La fonte des calottes glaciaires du Groenland et de l’Antarctique, en plus d’augmenter le niveau des océans, pourrait aussi multiplier les événements météo extrêmes et déstabiliser le climat de certaines régions dans les prochaines décennies. Selon des scientifiques de la Nasa, un phénomène semblable aurait également lieu dans l’Arctique.

Selon cette étude publiée en 2019, des milliards de tonnes d’eau issues de la fonte des glaces, en particulier au Groenland, risquent d’affaiblir les courants océaniques qui aujourd’hui transportent l’eau froide vers le sud en plongeant vers le fond de l’Atlantique tout en repoussant les eaux tropicales vers le nord plus près de la surface.

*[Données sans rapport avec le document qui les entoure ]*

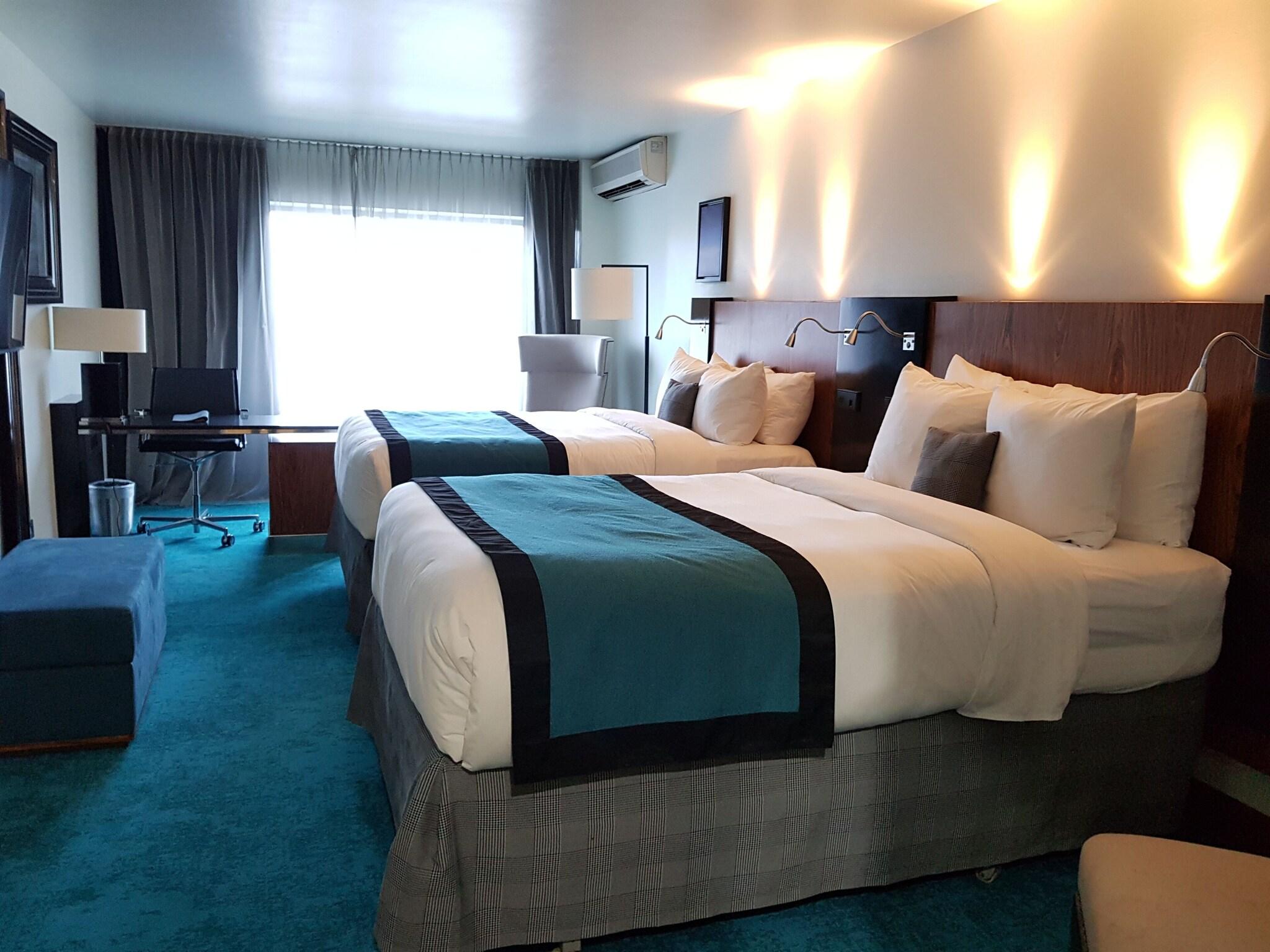 Room Two Double Beds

Connu sous l’acronyme AMOC (circulation méridienne de retournement de l’Atlantique), ce grand « tapis roulant » océanique joue un rôle crucial dans le système climatique et aide à maintenir une certaine chaleur sur l’hémisphère nord. « Selon nos modèles, la glace fondue va provoquer des perturbations importantes dans les courants océaniques et changer les niveaux de réchauffement à travers le globe », explique l’auteur principal Nicholas Golledge, du Centre de recherche antarctique de l’Université Victoria de Wellington, en Nouvelle-Zélande.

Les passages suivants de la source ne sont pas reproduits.